Come noto, molto spesso il mutuo viene stipulato con una banca, la quale si riserva un diritto di ipoteca sull’immobile acquistato, in modo tale da garantirsi nel caso in cui i debitori non dovessero rispettare i termini del contratto.
In particolare, con la sentenza n. 7776/2016, la Corte ha precisato come, in caso di mancato pagamento delle rate del mutuo stesso, la banca che sia titolare di un diritto di ipoteca sull’immobile, può far valere questo suo diritto procedendo all’espropriazione del medesimo anche se sia intervenuta una sentenza di separazione o divorzio che abbia assegnato l’immobile ad uno dei coniugi.
Secondo la Cassazione, infatti, tale conclusione dovrebbe ritenersi giustificata in ragione del fatto che il “diritto del coniuge assegnatario trascritto dopo l’iscrizione dell’ipoteca non può pregiudicare i diritti del titolare della garanzia reale”: quindi, poiché il diritto di ipoteca della banca è nato prima che fosse intervenuta la separazione e che l’immobile fosse assegnato ad uno solo dei coniugi, quest’ultimo fatto non può in alcun modo incidere sul diritto della banca stessa a far valere il diritto di garanzia di cui è titolare.
In concreto, ciò significa che la banca potrà procedere ad esecuzione forzata, pignorando l’immobile e chiedendo che questo sia venduto all’asta, senza possibilità per i coniugi di opporsi in alcun modo.
Non solo: la banca mantiene il proprio diritto di far espropriare l’immobile in caso di mancato pagamento delle rate del mutuo, anche se i coniugi separati hanno dei figli che abitano nell’immobile stesso assieme al genitore al quale è stato assegnato al momento della separazione.
A giustificazione di questo suo ragionamento, la Corte osserva (facendo in questo modo anche un bel regalo alle banche) come, concludere in senso contrario, ovvero stabilendo l’impossibilità per la banca creditrice di procedere all’espropriazione dell’immobile assegnato al coniuge separato e affidatario dei figli, comporterebbe un’evidente e ingiusta disparità di trattamento nei confronti di quel coniuge che, ad esempio, non abbia acquisito solo l’assegnazione del bene ma un vero e proprio diritto di proprietà esclusivo sullo stesso (sempre a seguito della separazione).

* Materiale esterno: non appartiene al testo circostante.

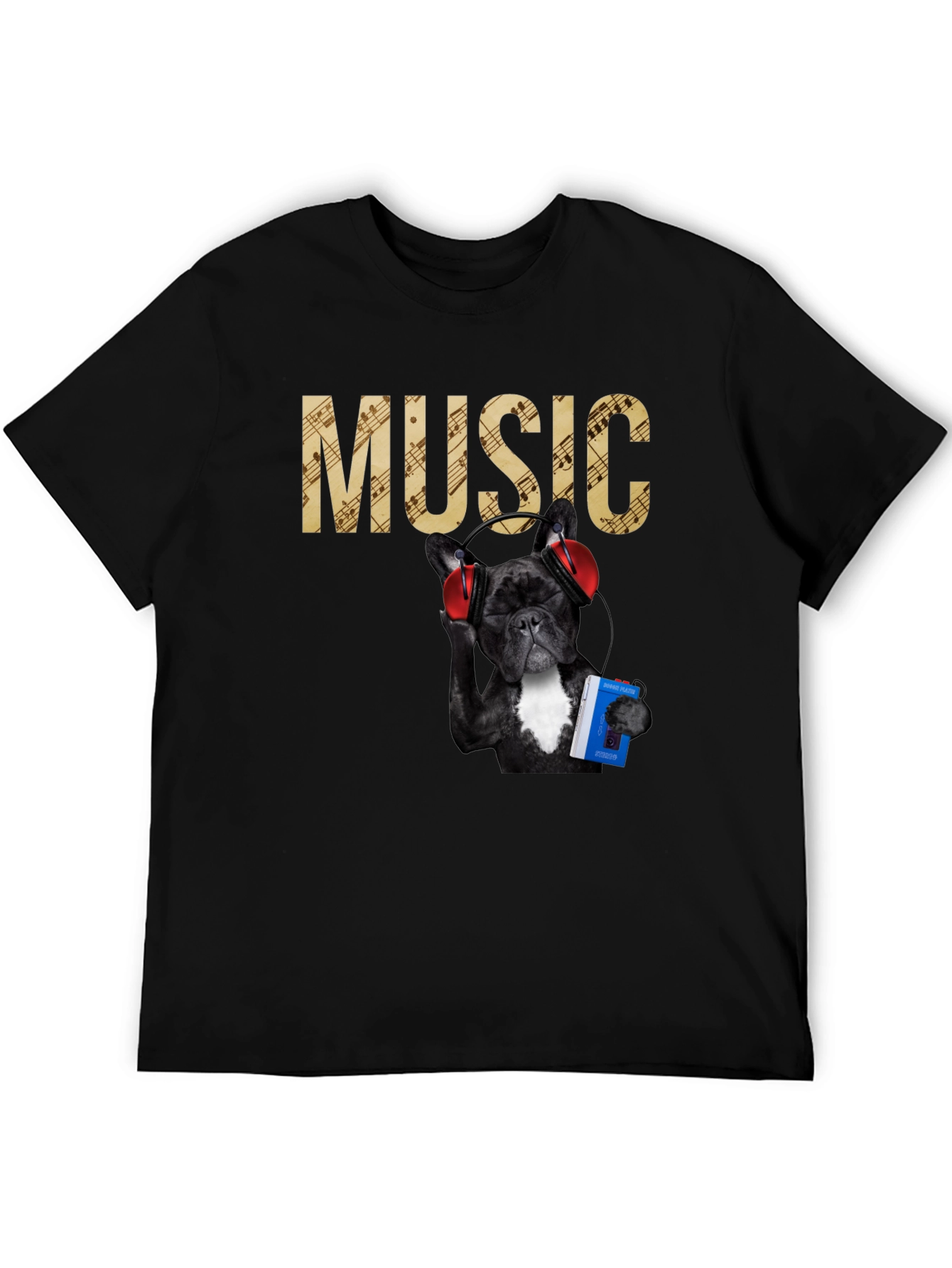 Music Lover Tee - Dog with Headphones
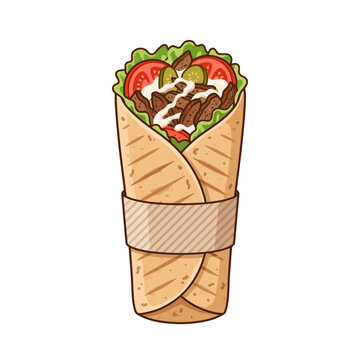 A shawarma wrap with sliced meat, lettuce, tomato, pickles, and garlic sauce in flatbread, presented in a colorful and appetizing flat composition.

Va ricordato che esiste comunque la possibilità di tutelarsi nei confronti dell’ex coniuge che preferisca far pignorare l’immobile (ex casa familiare) piuttosto che continuare a pagare il mutuo (per un bene che, invero, nemmeno ha la possibilità di utilizzare). Infatti, se a seguito di tale comportamento, il coniuge assegnatario e i figli si trovassero costretti a rilasciare l’immobile, in virtù dell’avvio della procedura espropriativa da parte della banca, gli stessi potranno agire davanti al giudice penale, allo scopo di far accertare l’avvenuta violazione degli obblighi di assistenza familiare che fanno capo all’ex coniuge. E questo indipendentemente dal fatto che quest'ultimo abbia o meno agito con la intenzione di recare danno all’altro coniuge (in proposito, si è pronunciata la Corte di Cassazione, con la sentenza n. 33023 del 2014).

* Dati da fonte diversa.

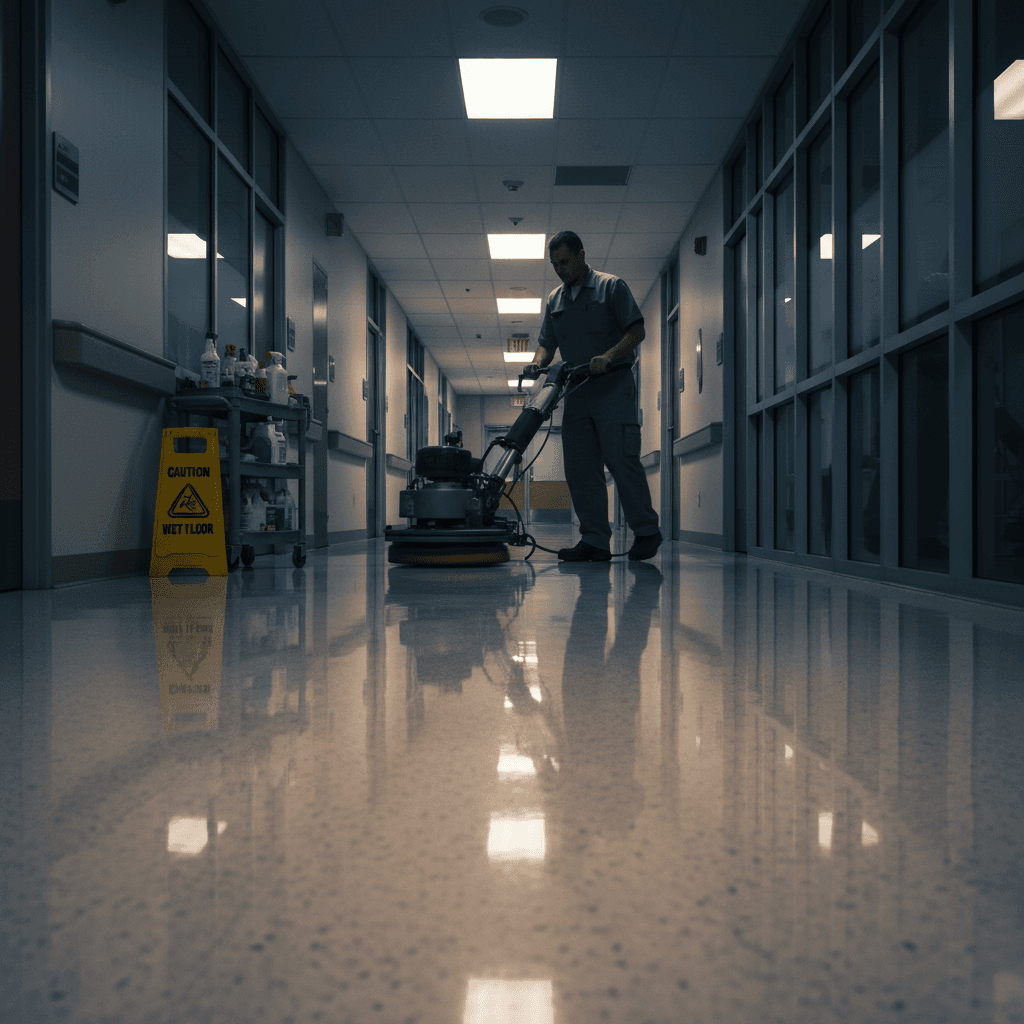 Medical facility floor being polished and maintained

La casa coniugale, infatti, come facilmente intuibile, rappresenta un vero e proprio mezzo di sussistenza, che deve essere garantito al coniuge e ai figli in caso di separazione o divorzio.

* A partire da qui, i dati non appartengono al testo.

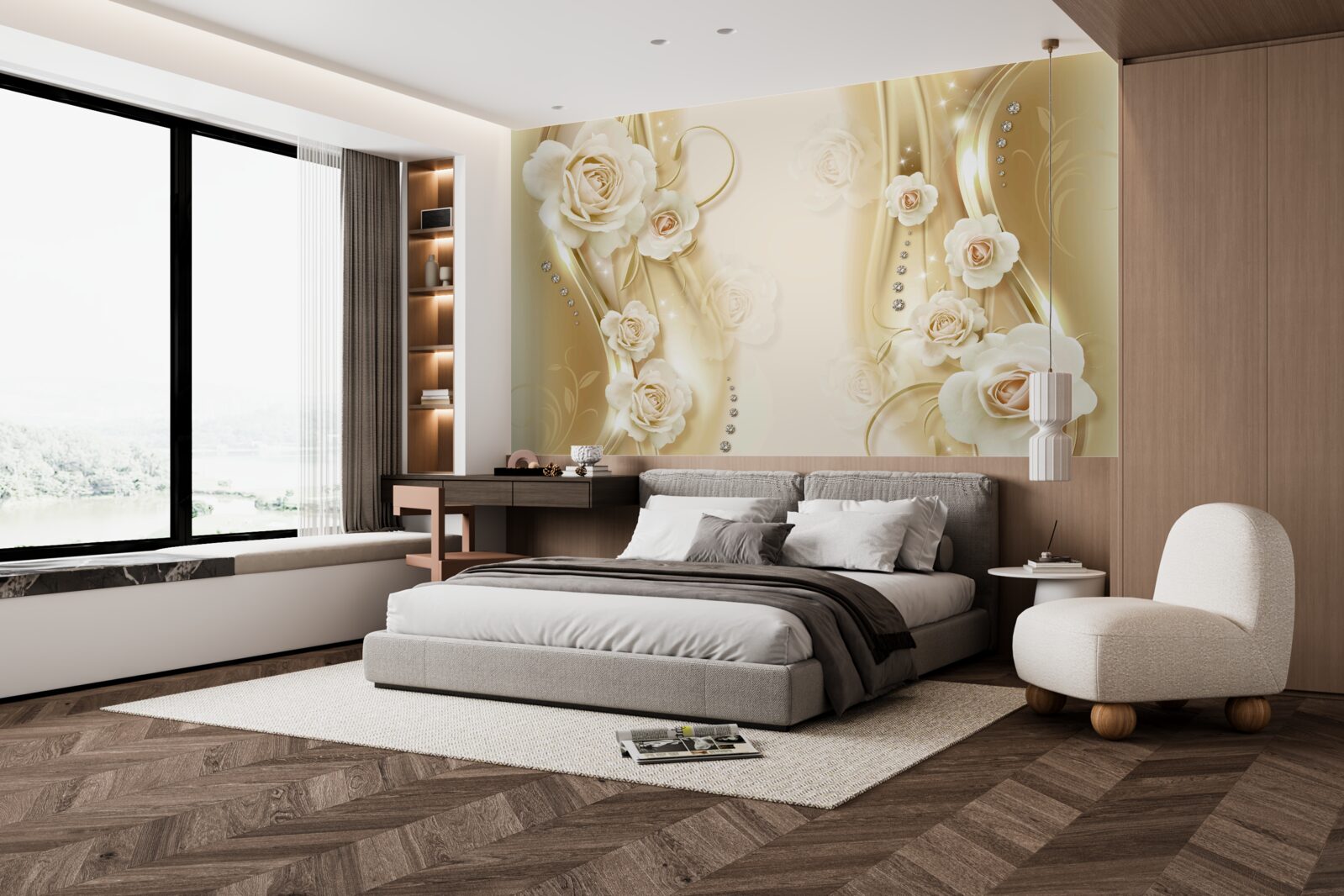 Fotobehang witte rozen op bruine achtergrond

E’ chiaro, pertanto, che il mancato pagamento delle rate del mutuo da parte del coniuge rischia, appunto, di far perdere agli stessi il fondamentale diritto all’abitazione.
In tal caso, si applicherà, dunque, l’art. 570 del c.p., in base al quale commette reato chi “si sottrae agli obblighi di assistenza inerenti alla potestà dei genitori, o alla qualità di coniuge”, con applicazione della pena della reclusione fino ad un anno o della multa da euro 103 a euro 1.032.